■ **Problem to solve**: Write each line of the material exactly as given, from the top through the line that contains "Wise Owl Accessories", and omit all pictures.

# # # # #

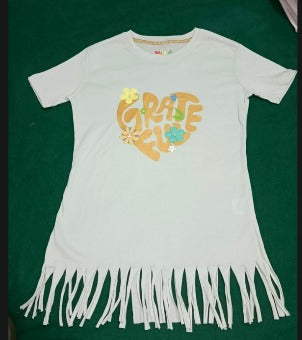 Girls' "GRATEFUL" Heart and Flower Fringe T-Shirt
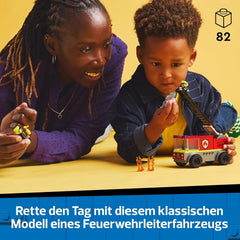 LEGO City Feuerwehrleiterfahrzeug - Feuerwehrauto Spielzeug mit 2 Feuerwehrmann Minifiguren für Jungen und Mädchen ab 4 Jahren - Lernspielzeug - Geschenk für Vorschulkinder 60463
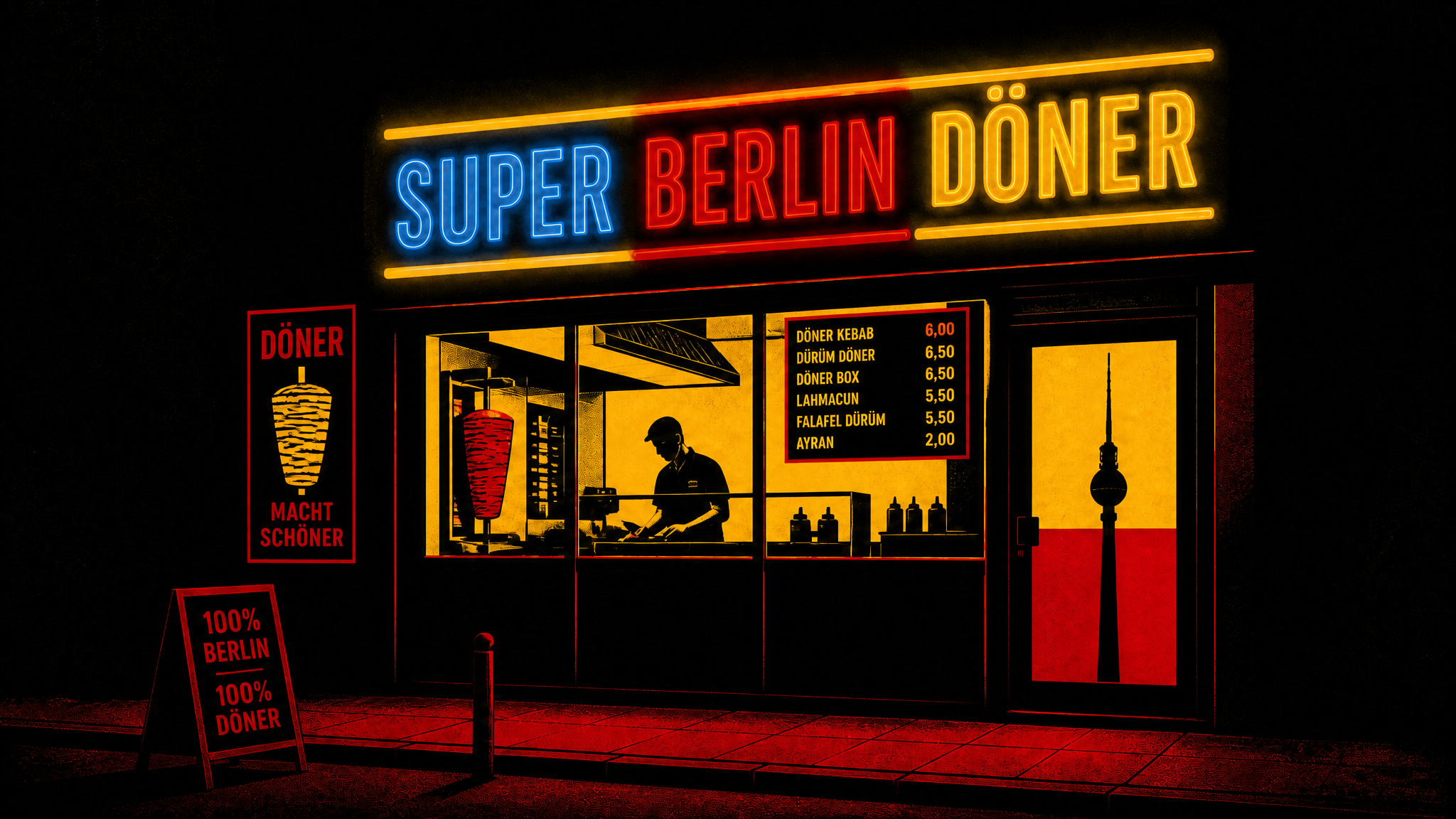 Graphic illustration of the Super Berlin Döner storefront at night
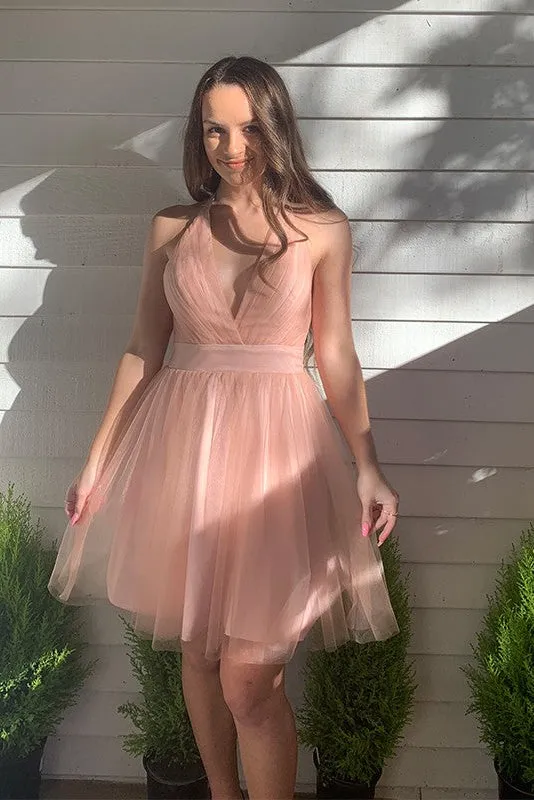 Pink Deep V Neck Backless Tulle Short Homecoming Dresses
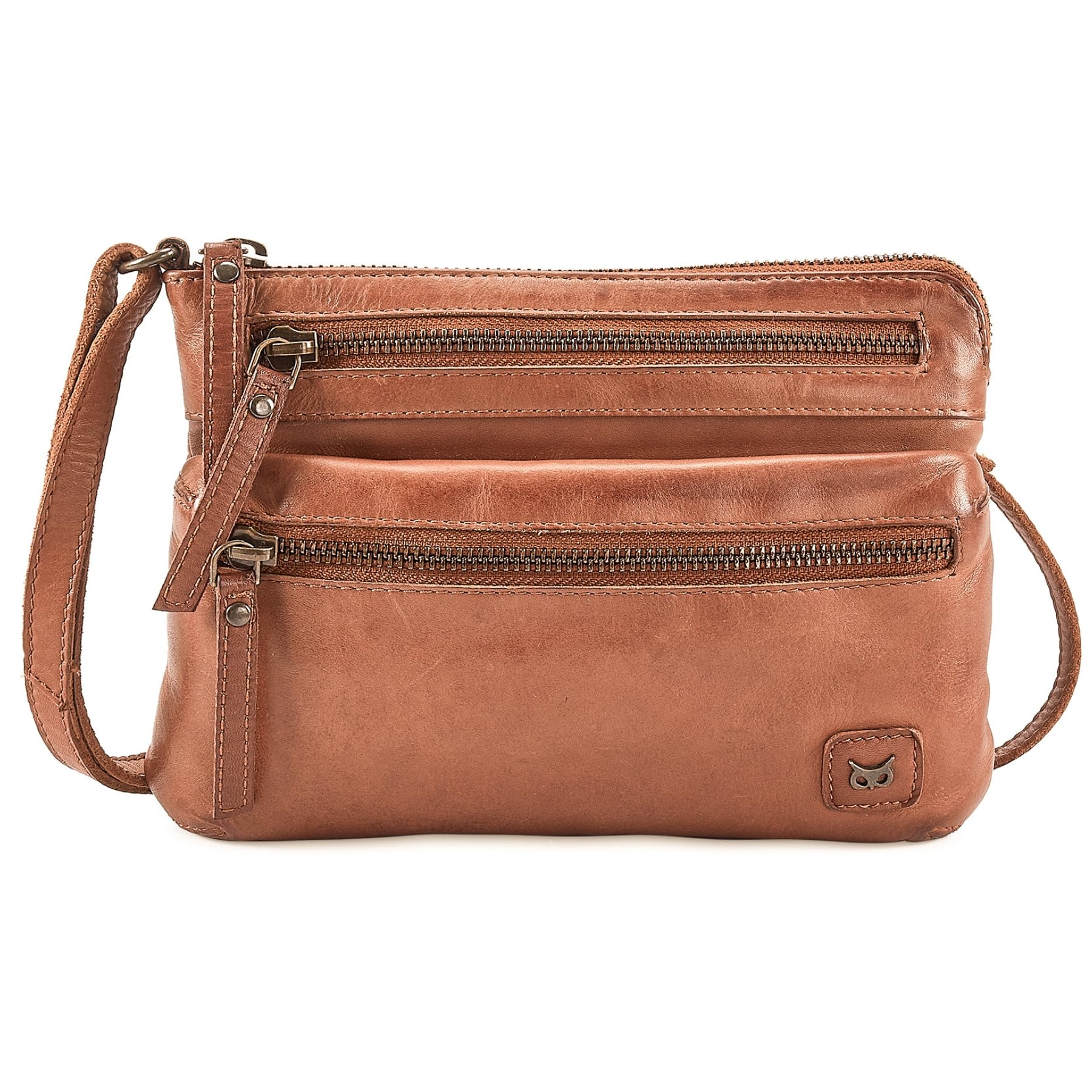 Wise Owl Accessories Bolso bandolera pequeño de cuero real con triple cremallera para mujer - Bolso bandolera cruzado vintage de primera calidad (Vintage lavado coñac)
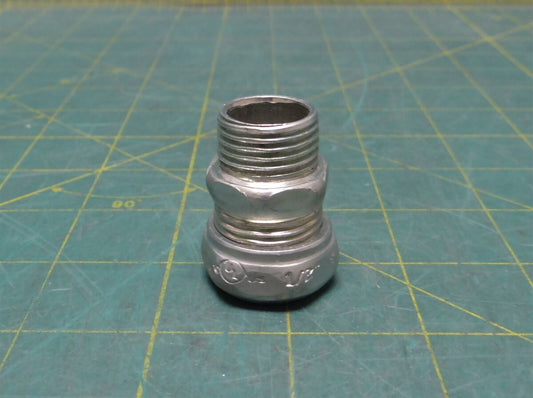 1/2" EMT Conduit Compression Coupling, Zinc Plated Steel, w/o One Comp End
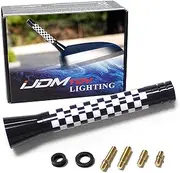 iJDMTOY 3" Checkered White/Black Checkerboard Theme Short Antenna for Mini Cooper (All Models) & More Other Cars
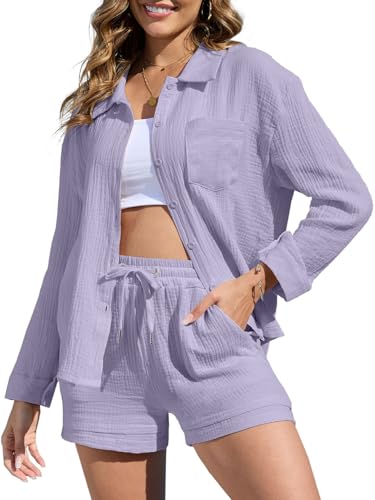 Joligiao Zweiteiler Damen Sommer Musselin Bluse Hemd und Shorts Baumwolle Lounge Set Leicht Atmungsaktiv Freizeitanzug Strand Outfit Set Einfarbiges Aesthetic 2 Teiler Loungewear Anzug Mit Taschen von Joligiao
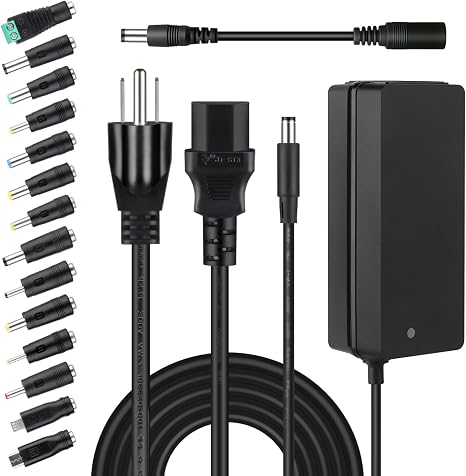 12V 5A Power Supply 60W Adapter, UL Listed 12 Volt 5 Amp Power Adapter 100V-240V AC to DC Converter Transformer with 5.5x2.1mm 12 DC Tips for LED Strip Light Speaker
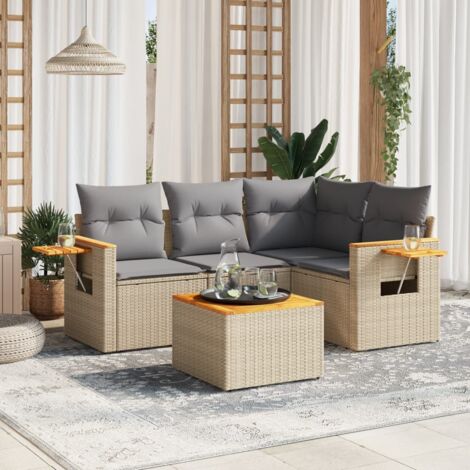 Salon de jardin avec coussins 5 pcs beige résine tressée vidaXL (1/5)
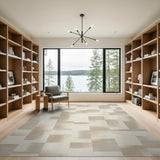 Beige Ombre Block Geometric Area Rug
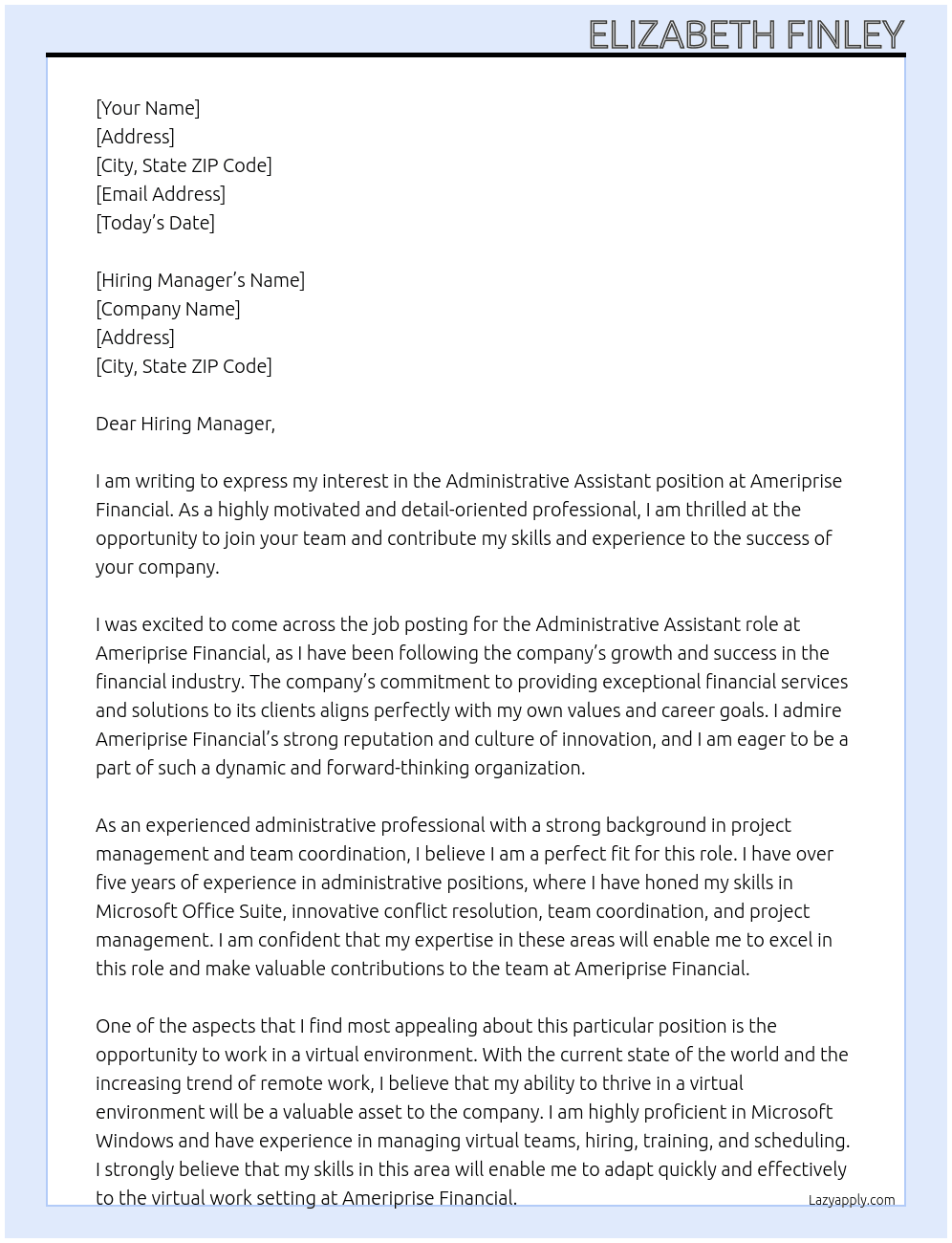 Administrative Assistant At Ameriprise Financial Cover Letter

# # # # #

■ **Result**:
 Girls' "GRATEFUL" Heart and Flower Fringe T-Shirt
 LEGO City Feuerwehrleiterfahrzeug - Feuerwehrauto Spielzeug mit 2 Feuerwehrmann Minifiguren für Jungen und Mädchen ab 4 Jahren - Lernspielzeug - Geschenk für Vorschulkinder 60463
 Graphic illustration of the Super Berlin Döner storefront at night
 Pink Deep V Neck Backless Tulle Short Homecoming Dresses
 Wise Owl Accessories Bolso bandolera pequeño de cuero real con triple cremallera para mujer - Bolso bandolera cruzado vintage de primera calidad (Vintage lavado coñac)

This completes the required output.